Bulgaria's Nationalists Attack: Like Stepfather, Like Stepson
Bulgaria's largest nationalist party "Ataka", i.e. "Attack" – the only self-described nationalist formation with any tangible following – has seemingly started to fall apart.
Volen Siderov, the charismatic leader and founder of Ataka, is now seeing his highly trusted stepson, Member of the European Parliament Dimitar Stoyanov, turning against him, and demanding his resignation as a party leader.
Siderov's wife and Stoyanov's mother Kapka Siderova also appears to be part of what seems on the outside as a family drama at a party's commanding heights, as she has been sacked as the editor-in-chief of the Ataka newspaper. Thus, Siderov's inner circle is in shambles.
The "family scandal party crisis" might be the last straw in Ataka's descend into oblivion. The formation has lost 6 of its 21 MPs in Parliament in the past two years; an earlier scandal saw leader Siderov in a severe fight with Valeri Simeonov, the owner of the Burgas-based cable TV Skat that helped Siderov rise to prominence as a talk show host back in 2004-2005.
The latest scandal comes after Siderov's Ataka spend 2 years as a de facto informal ally of ruling party GERB and Prime Minister Boyko Borisov, providing Borisov with a parliamentary majority until the PM got enough "independent" MPs backing him that Ataka's support is now no longer needed.
It has been during those two years that Siderov lost his "charm" as his fans saw him utter some words once every few months, as opposed to his incessant bashing of all sorts of political establishments, globalization, the West and Islam prior to 2009.

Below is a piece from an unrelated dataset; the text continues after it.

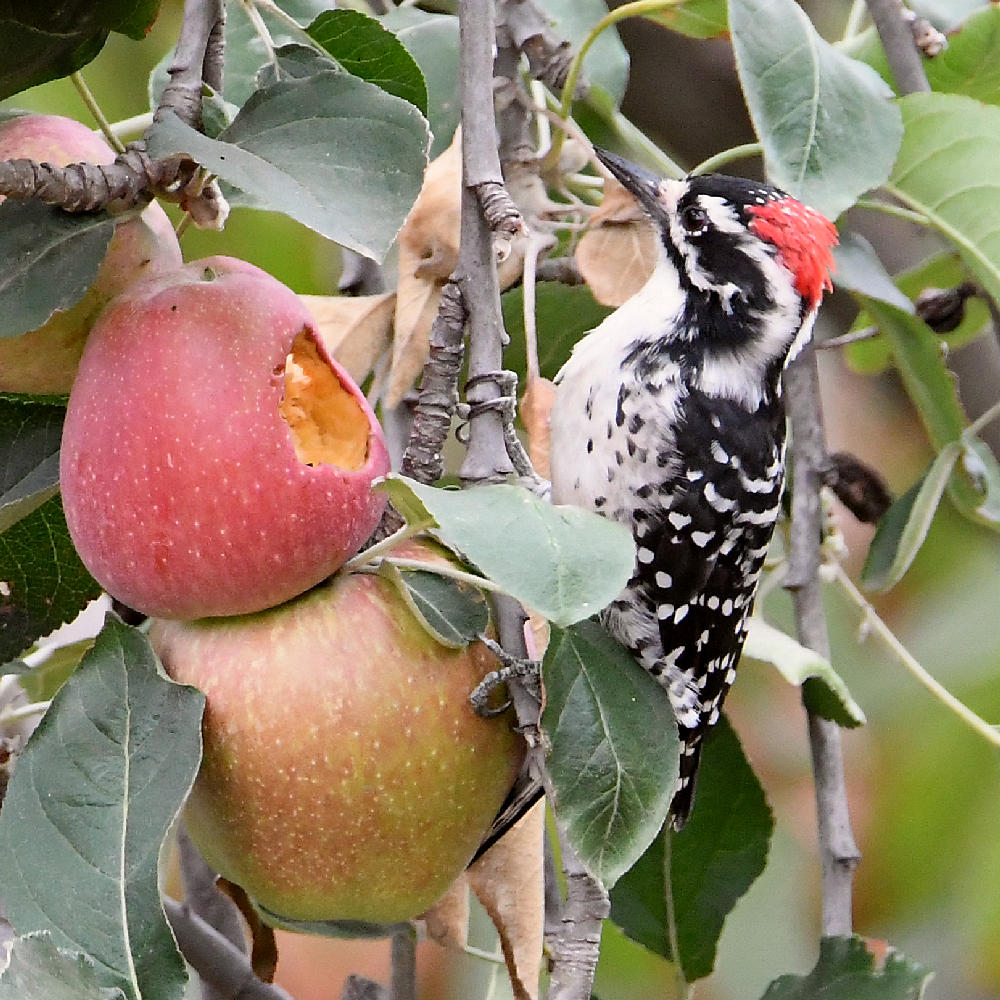 Woodpecker2.jpg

Make no mistake - the Ataka party, i.e. the "nationalist" vote that it can (or used to) control – is pretty important. Back in 2005 it got 12% of the votes becoming the fourth largest in terms of MPs; in 2006, Siderov made the run-off for the Bulgarian Presidency getting some 600 000 votes.

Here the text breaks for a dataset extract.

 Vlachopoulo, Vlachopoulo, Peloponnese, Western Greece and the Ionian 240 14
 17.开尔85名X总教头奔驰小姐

In the October 2011 elections, Siderov and Ataka got only about 100 000 votes – the result of his voters getting the rather correct idea that their leader had made a deal with Borisov's GERB.
In addition to being "in charge" of several hundred thousand Bulgarian voters, Ataka is key because of the nature of some of those voters whose inclination towards ethnic and religious violence came to the fore during the May 20 incident at the Banya Bashi mosque in downtown Sofia – a gruesome event widely seen as a provocation on part of Ataka to boost its ratings which apparently failed to achieve this goal.
Siderov is now losing the support of his stepson – a previously unthinkable development since he and Stoyanov have made it publicly clear how much they cherish one another.
Stoyanov is trying to convince everybody that he is rising against Siderov on principled grounds. But it is not unlikely that he made some sort of a deal with somebody else on the outside – the way his stepfather seems to have done in dealings with the ruling party – and is now rushing ahead into the "stepdynasty", and trying to gain the leadership post in the party sooner than he was slated to.
The first problem with this plan is that for many Volen Siderov equals Ataka and the other way around.
The second problem is the general problem of most political parties in Bulgaria since the late 19th century – the formation of a party based on a single personality that seriously questions its credibility and robustness once that person is gone – which is actually also the case with the ruling party GERB and its leader Boyko Borisov.
One thing is for certain – Siderov's Ataka party has been dealt a heavy blow, and the big question, whether it survives it or not, is who or what might replace it, and how unpredictable the new entity could be with respect to riding on the often destructive wave of self-perceived nationalists in Bulgaria combined the discontents of the countryside – i.e. people who for subjective or objective reasons are eager to "attack."